Witness examination is the “meat and potatoes” of a jury trial. Contrasted with the flexibility of opening statement, witness
examination is more rigid, often more mundane, but also more precise. These qualities are both strengths and
weaknesses. Countless cases have been lost by lawyers who have blockbuster opening statements but who failed to
Direct Examination
Regardless of the brilliance and eloquence of voir dire and opening, the jury is eager to meet the people they’ve been
hearing about, to listen to real evidence, to go to work.
For good or bad, jury members are confident their impressions of the litigants are correct and complete. The introductory
moments of direct examination are a valuable chance to show jurors there is more to be heard, learned, and assessed.
Although the trial to date has centered on the lawyers, now both spotlight and style shift to focus on witnesses and
testimony. That shift in no way implies an attorney’s abdication of courtroom command, however. In fact, the style shift
underscores command as it yields the starring role and assumes the vital function of facilitator. The jury, therefore, sees a
new and comforting facet of attorney competence, confidence, and mastery of the case.
Instead of narrative teaching, direct examination shifts to short, crisp bursts of inquiry that invite attentive listening and
satisfy curiosities. The staccato style quickly is perceived as a juror service, almost instantly voicing questions as they pop
into the jurors’ own minds. For example, if a witness finishes an answer by stating, “I was shocked,” the greatest jury
service (and highest drama) is performed with a prompt and simple “Why?”
Qualities of a good direct examination. After analysis of the available evidence, the next most important decision is
how testimony will be “packaged.” If the witness will tell a story, the best form is a chronological line of inquiry, beginning
as early as is pertinent and ending in the courtroom. Example:
When did you first lean about Timmy's condition?
What happened after that?
Then what happened?
On the other hand, a witness whose testimony supports a case theme or lists reasons why the event in question might
have occurred will be showcased better using a “logical” line of inquiry. Example:
Please list for us all the reasons why the machine was dangerous.

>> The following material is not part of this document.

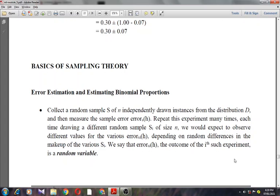I'm going to discuss error estimation and estimating binomial proportions — specifically how the deviation between sample error and true error depends on the size of the data sample. This is an instance of a well-studied problem in statistics: estimating the proportion of a population that exhibits some property given the observed proportion over a random sample. In our case, the property of interest is that H misclassifies the example.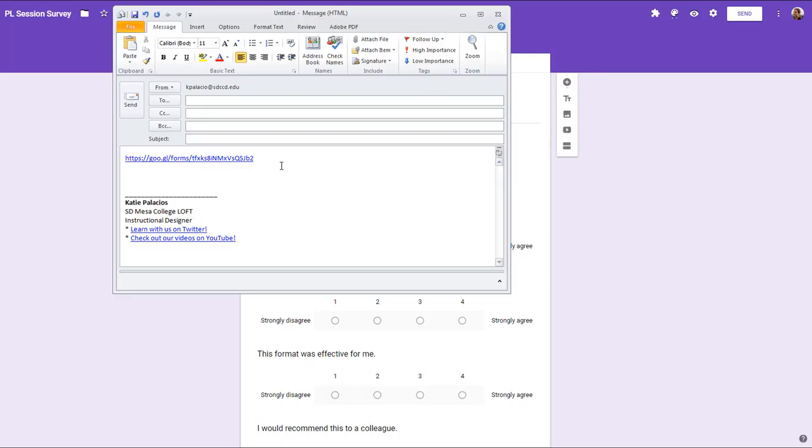So that's how to find the link to your Google Form and share it with your participants. I hope that helps.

Why don't you stand up and write them on the blackboard as you explain them to us.
A combination of the two approaches, when appropriate, will add variety and make the examination more interesting.
Accrediting the witness. Early on, probably first, explain how this witness fits into the big picture. Using and annotating
the visual aids (storyboard or checklist) used in opening works well here. Example:
Now you actually saw the accident?
Let's discuss everything you saw.
What did you see first?
Framing questions. The trial’s purpose is to connect the jurors’ minds and hearts to the facts of the plaintiff’s case.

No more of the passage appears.